WHAT YOU NEED TO DO: Nothing beyond the line containing "Woman in red bikini walking into the ocean" should be printed; print each line exactly from the first line of the listing below through it.

** RECORDS PROVIDED follows **

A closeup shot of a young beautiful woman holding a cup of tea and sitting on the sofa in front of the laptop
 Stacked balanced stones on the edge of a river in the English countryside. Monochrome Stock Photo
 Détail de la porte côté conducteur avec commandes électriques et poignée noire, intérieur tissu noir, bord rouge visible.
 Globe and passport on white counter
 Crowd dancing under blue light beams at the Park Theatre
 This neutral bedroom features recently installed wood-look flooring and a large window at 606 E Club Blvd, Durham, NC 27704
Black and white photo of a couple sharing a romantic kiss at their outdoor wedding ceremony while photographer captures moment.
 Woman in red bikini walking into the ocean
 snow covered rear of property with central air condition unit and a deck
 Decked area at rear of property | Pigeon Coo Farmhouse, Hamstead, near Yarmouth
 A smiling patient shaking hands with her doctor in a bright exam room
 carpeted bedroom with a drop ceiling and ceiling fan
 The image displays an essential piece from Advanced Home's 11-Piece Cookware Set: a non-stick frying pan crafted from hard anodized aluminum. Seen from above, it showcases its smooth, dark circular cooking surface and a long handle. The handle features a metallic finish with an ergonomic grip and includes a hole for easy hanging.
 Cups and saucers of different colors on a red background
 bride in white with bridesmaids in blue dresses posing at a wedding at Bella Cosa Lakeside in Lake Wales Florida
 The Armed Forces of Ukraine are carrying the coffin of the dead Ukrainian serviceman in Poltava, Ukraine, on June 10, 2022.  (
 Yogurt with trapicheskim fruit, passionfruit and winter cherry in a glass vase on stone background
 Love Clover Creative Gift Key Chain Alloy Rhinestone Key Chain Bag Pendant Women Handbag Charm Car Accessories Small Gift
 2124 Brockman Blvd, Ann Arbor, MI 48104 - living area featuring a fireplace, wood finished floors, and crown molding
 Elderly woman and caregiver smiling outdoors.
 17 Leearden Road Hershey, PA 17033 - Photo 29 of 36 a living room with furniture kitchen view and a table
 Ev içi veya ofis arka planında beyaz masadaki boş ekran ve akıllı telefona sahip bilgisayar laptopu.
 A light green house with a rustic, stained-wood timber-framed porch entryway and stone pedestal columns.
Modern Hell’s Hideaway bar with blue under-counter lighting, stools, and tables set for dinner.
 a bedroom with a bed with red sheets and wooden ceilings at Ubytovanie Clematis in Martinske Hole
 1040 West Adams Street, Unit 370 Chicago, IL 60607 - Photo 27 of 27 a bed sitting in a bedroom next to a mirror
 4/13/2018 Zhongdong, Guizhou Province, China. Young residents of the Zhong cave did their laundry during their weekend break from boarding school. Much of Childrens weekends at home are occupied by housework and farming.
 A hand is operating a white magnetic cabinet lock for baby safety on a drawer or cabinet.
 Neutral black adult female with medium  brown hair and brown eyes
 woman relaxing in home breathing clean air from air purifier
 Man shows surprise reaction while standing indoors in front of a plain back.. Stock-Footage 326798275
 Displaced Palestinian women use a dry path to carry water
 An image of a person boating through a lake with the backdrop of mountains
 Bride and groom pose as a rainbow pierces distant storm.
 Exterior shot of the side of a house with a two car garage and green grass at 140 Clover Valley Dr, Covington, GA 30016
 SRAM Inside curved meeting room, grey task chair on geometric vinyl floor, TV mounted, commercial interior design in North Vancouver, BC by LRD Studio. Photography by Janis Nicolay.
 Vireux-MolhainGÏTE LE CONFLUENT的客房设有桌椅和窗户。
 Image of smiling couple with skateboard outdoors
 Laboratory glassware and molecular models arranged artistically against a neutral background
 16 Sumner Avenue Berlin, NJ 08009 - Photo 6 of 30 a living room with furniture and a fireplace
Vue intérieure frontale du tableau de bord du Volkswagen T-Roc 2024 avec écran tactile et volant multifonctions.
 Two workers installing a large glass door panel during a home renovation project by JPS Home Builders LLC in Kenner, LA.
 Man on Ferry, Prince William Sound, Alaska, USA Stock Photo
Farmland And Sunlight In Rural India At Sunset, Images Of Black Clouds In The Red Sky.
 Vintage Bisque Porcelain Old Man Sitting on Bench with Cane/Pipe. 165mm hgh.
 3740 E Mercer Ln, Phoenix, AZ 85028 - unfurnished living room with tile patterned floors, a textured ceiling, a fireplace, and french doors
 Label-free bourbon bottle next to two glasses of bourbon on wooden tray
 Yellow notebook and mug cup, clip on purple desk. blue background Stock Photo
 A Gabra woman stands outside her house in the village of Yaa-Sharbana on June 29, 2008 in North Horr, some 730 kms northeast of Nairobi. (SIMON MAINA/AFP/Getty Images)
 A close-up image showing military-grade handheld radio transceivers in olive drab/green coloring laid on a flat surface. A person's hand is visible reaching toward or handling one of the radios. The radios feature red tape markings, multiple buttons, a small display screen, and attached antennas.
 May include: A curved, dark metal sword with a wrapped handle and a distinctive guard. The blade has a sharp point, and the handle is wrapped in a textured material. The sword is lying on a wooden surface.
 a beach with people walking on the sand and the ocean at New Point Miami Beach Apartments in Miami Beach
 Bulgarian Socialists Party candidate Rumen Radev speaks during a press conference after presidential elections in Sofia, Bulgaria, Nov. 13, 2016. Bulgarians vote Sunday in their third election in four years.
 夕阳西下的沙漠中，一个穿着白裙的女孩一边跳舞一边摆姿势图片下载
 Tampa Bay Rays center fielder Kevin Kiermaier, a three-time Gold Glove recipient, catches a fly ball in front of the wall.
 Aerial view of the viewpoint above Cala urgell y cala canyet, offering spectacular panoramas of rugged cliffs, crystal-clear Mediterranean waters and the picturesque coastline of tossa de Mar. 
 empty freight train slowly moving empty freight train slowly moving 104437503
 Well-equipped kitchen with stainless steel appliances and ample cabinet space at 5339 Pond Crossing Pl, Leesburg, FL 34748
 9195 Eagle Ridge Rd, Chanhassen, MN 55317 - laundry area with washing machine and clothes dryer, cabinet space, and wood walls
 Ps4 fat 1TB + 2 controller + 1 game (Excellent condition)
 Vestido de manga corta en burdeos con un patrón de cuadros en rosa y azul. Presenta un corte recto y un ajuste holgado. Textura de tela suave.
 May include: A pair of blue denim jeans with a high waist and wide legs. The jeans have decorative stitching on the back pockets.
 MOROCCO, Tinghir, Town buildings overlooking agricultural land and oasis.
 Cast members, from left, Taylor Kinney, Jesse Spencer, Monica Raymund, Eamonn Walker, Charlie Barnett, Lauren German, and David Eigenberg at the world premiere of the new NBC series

** End of RECORDS PROVIDED **

EXERCISE ANSWER:
A closeup shot of a young beautiful woman holding a cup of tea and sitting on the sofa in front of the laptop
 Stacked balanced stones on the edge of a river in the English countryside. Monochrome Stock Photo
 Détail de la porte côté conducteur avec commandes électriques et poignée noire, intérieur tissu noir, bord rouge visible.
 Globe and passport on white counter
 Crowd dancing under blue light beams at the Park Theatre
 This neutral bedroom features recently installed wood-look flooring and a large window at 606 E Club Blvd, Durham, NC 27704
Black and white photo of a couple sharing a romantic kiss at their outdoor wedding ceremony while photographer captures moment.
 Woman in red bikini walking into the ocean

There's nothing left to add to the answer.